Nowadays, the temptation is strong to try to achieve power and greatness, striving and pride, and eros and anger by constructing an individual personality -- a unique, authentic self which is a personal work of art. This foreign desire has swelled greatly in America -- aroused in no small part by its dark neuter amanuensis, Andy Warhol -- as both creative genius has been democratized (in a combination of postwar wealth and leisure and neo-Freudian ideas) and democratic politics has become a feeble parody of its former self. Like Arendt said, increasingly we have sought freedom from politics. Not, mind you, freedom from the sporadic and perennial fevers of national power struggles, but from the daily effort of administering our own local political affairs. As leisure, wealth, and art have become increasingly open to the mass participation of increasingly self-aware individuals, we have sought to outsource our politics to the experts, and put our experts to work for those whose conception of national power best accords with our personal desires.
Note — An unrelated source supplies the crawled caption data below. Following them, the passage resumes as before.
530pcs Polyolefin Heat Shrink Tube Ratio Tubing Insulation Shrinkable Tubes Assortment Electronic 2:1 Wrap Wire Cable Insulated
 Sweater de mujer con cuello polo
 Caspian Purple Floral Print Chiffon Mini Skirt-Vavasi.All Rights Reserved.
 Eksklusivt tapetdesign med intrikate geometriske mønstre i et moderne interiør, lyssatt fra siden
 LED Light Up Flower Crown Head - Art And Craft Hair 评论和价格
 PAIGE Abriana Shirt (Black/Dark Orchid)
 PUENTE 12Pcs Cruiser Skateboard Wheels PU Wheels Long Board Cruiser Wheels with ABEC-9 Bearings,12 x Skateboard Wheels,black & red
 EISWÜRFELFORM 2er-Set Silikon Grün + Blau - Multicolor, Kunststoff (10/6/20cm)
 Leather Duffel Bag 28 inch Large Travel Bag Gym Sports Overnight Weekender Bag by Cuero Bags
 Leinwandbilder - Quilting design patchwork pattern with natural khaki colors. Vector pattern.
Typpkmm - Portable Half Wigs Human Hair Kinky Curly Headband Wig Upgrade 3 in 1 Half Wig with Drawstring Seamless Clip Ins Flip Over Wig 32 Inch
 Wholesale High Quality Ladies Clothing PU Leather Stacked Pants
You are right if you guess that I think this is a very bad idea. The tragedy of American politics today is that in searching for alternatives to Julien Sorel we are presented time and again with Fred Thompsons. But the silver lining, which others have recognized too, is that Fred Thompson's very approach to politics is so strikingly relaxed that it makes us remember suddenly that the President of the United States need not always, and maybe almost always should not, be a Hercules. For the habit of that kind of power-worship only feeds our political liberty into the mouth of oppressive government, draining away the political habits in our memories and our communities that help guarantee that liberty. Whereupon, fevered, questing, ambitious creatures that we are, we channel all our obsessions for recognition and satisfaction into just the scheming, lying, cruelty, and hypocrisy of destructive social competition that Stendhal warned us would be our fate.